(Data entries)
=== Section Start ===

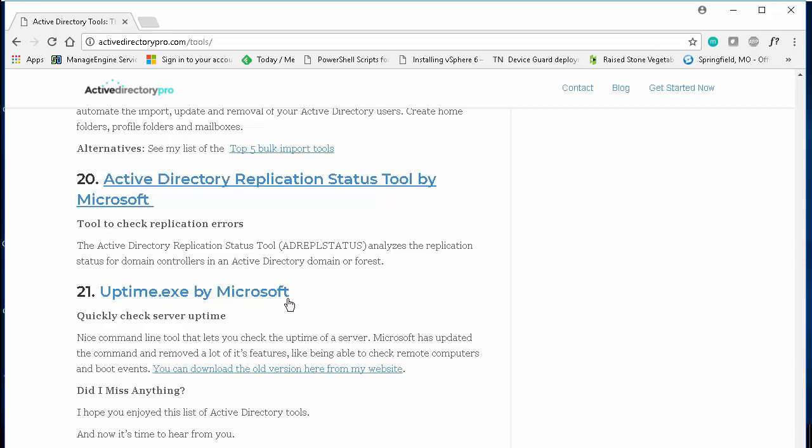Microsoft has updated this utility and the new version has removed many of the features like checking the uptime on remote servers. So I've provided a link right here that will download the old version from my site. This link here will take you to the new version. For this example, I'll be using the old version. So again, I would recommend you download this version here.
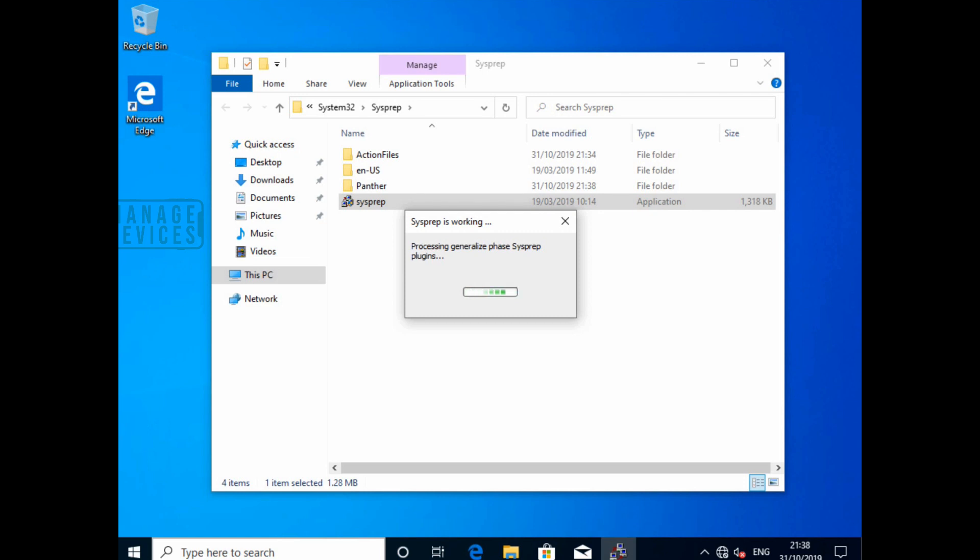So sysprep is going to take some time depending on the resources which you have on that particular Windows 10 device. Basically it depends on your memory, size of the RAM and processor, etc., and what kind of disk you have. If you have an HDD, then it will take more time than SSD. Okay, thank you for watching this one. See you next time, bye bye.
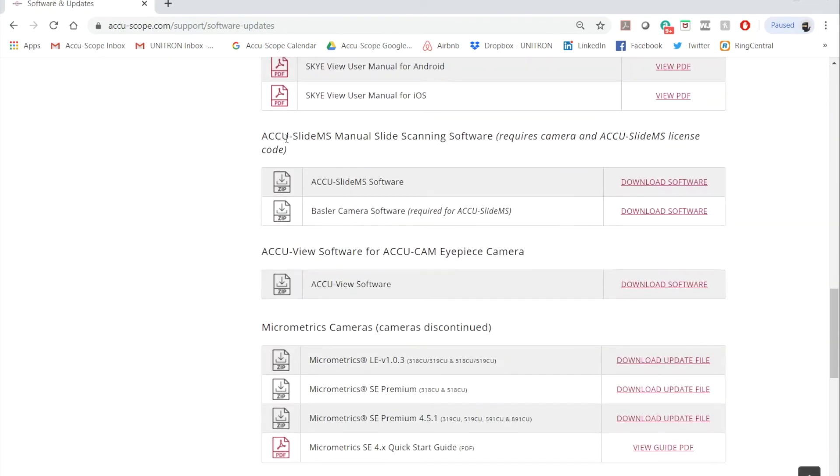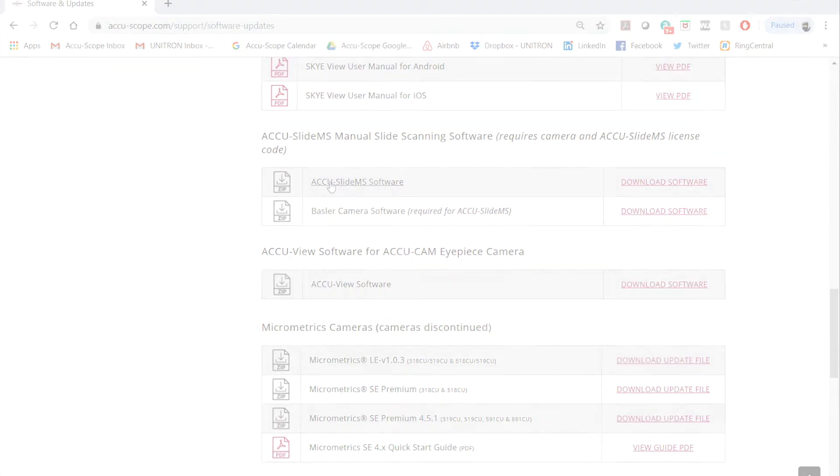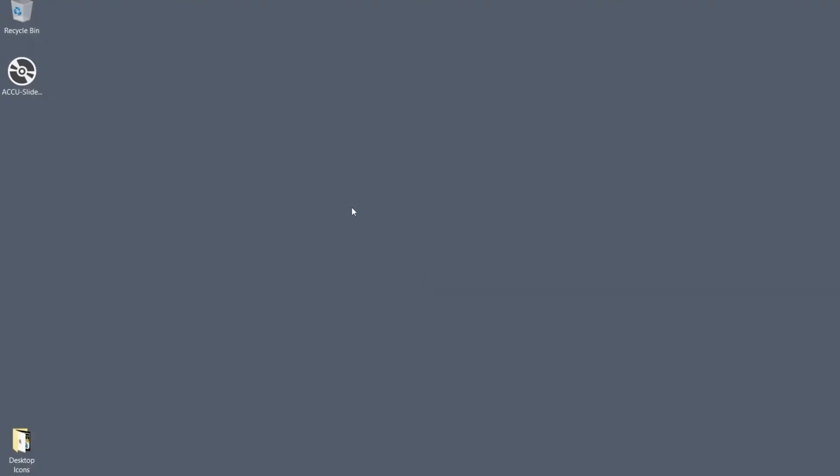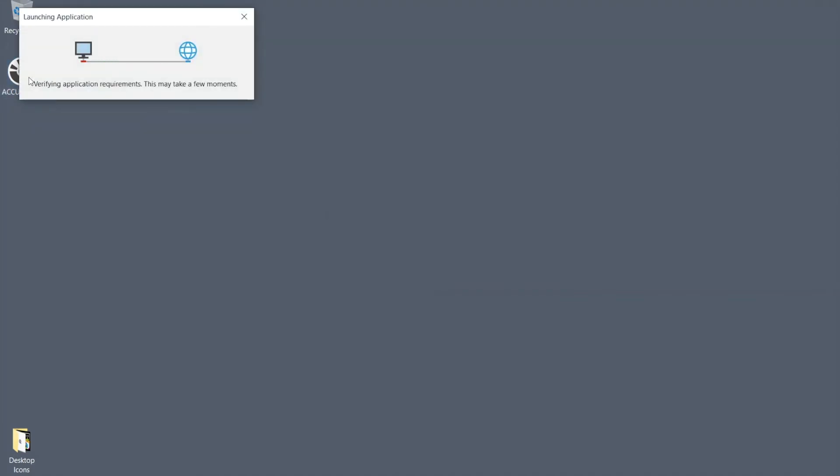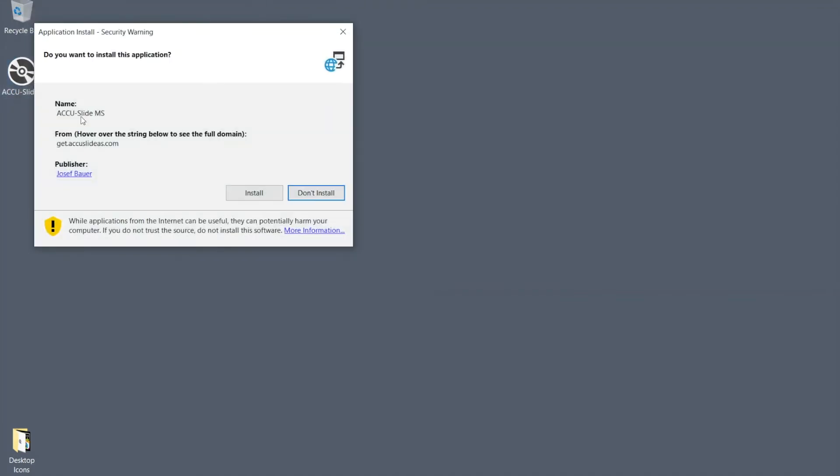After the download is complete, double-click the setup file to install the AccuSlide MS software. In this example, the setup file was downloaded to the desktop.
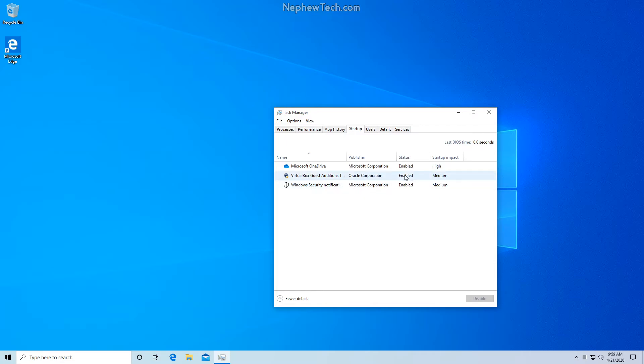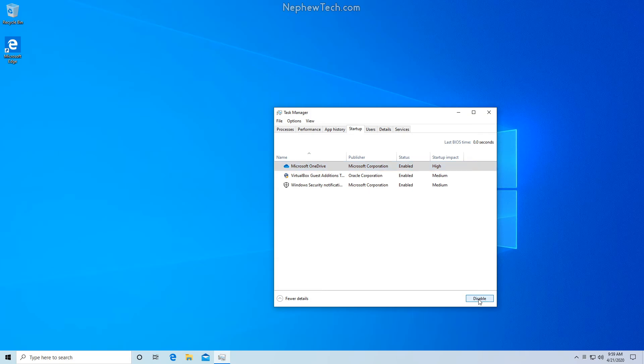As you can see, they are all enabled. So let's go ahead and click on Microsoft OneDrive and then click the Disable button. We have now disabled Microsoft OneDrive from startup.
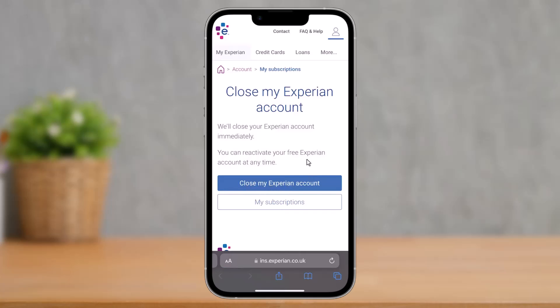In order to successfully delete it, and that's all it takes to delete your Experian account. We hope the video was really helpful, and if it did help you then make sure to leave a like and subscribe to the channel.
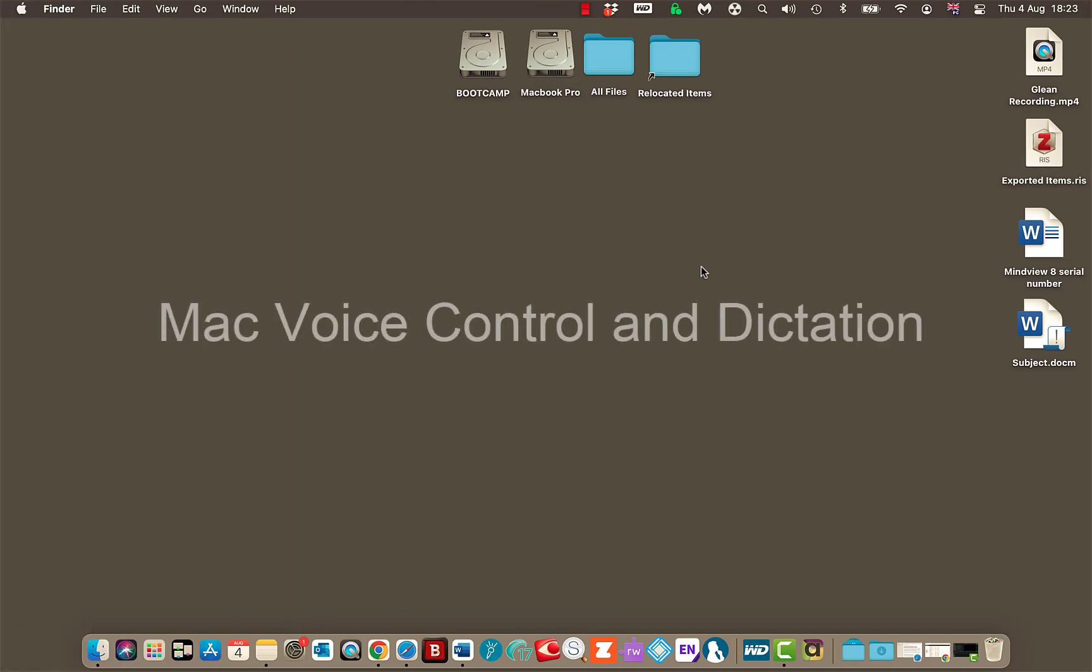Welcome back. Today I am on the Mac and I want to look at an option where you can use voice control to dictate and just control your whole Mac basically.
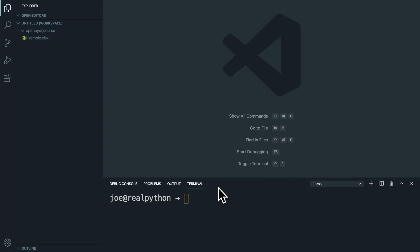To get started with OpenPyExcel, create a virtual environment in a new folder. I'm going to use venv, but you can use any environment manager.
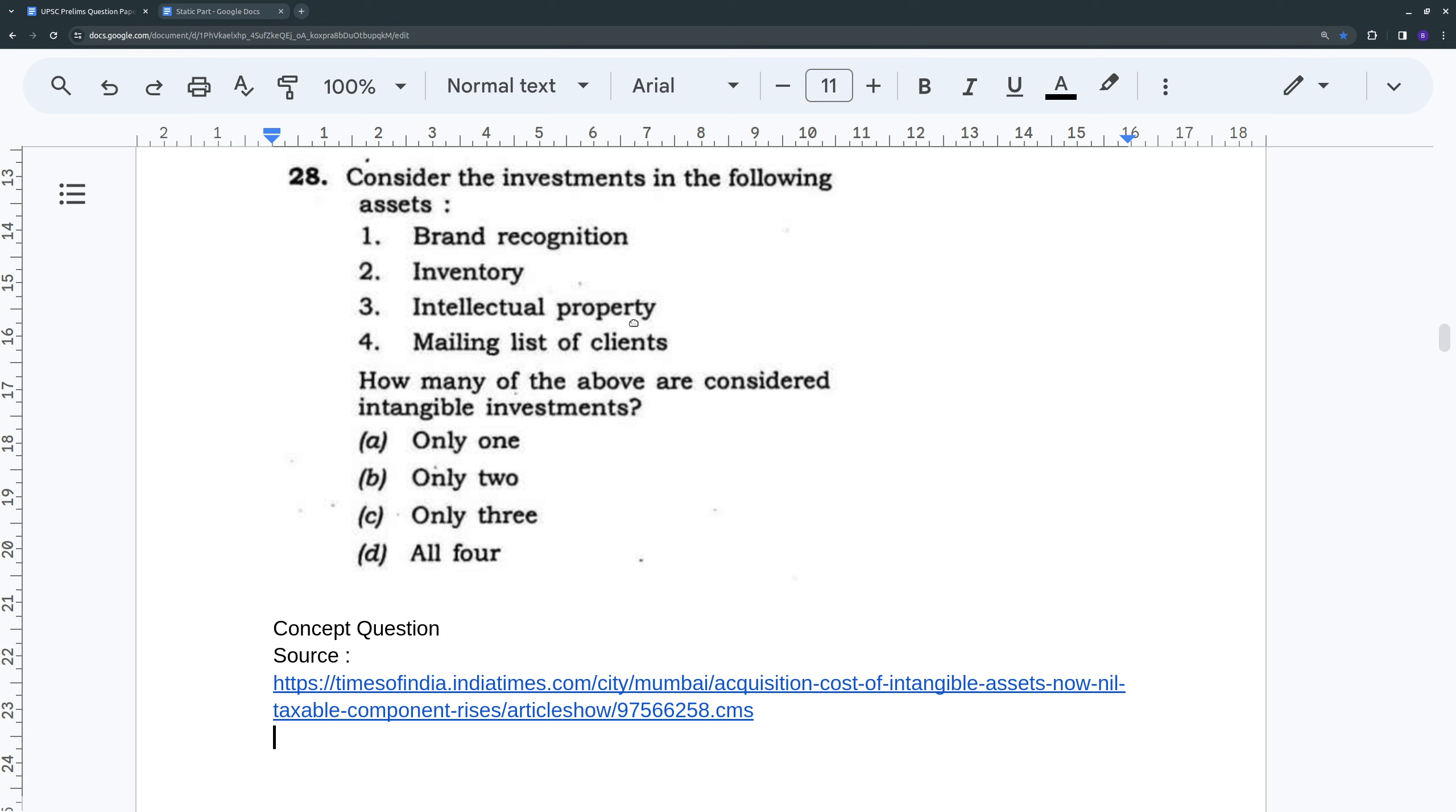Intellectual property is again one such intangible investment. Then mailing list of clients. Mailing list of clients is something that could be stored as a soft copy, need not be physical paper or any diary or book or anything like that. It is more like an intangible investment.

=== Section End ===

- [WORK TASK] Only the lines from the line with "So sysprep is" through the closing line of the data, both included, should be set down, exactly as written and without pictures.

- [FINISHED TASK]
So sysprep is going to take some time depending on the resources which you have on that particular Windows 10 device. Basically it depends on your memory, size of the RAM and processor, etc., and what kind of disk you have. If you have an HDD, then it will take more time than SSD. Okay, thank you for watching this one. See you next time, bye bye.
After the download is complete, double-click the setup file to install the AccuSlide MS software. In this example, the setup file was downloaded to the desktop.
As you can see, they are all enabled. So let's go ahead and click on Microsoft OneDrive and then click the Disable button. We have now disabled Microsoft OneDrive from startup.
In order to successfully delete it, and that's all it takes to delete your Experian account. We hope the video was really helpful, and if it did help you then make sure to leave a like and subscribe to the channel.
Welcome back. Today I am on the Mac and I want to look at an option where you can use voice control to dictate and just control your whole Mac basically.
To get started with OpenPyExcel, create a virtual environment in a new folder. I'm going to use venv, but you can use any environment manager.
Intellectual property is again one such intangible investment. Then mailing list of clients. Mailing list of clients is something that could be stored as a soft copy, need not be physical paper or any diary or book or anything like that. It is more like an intangible investment.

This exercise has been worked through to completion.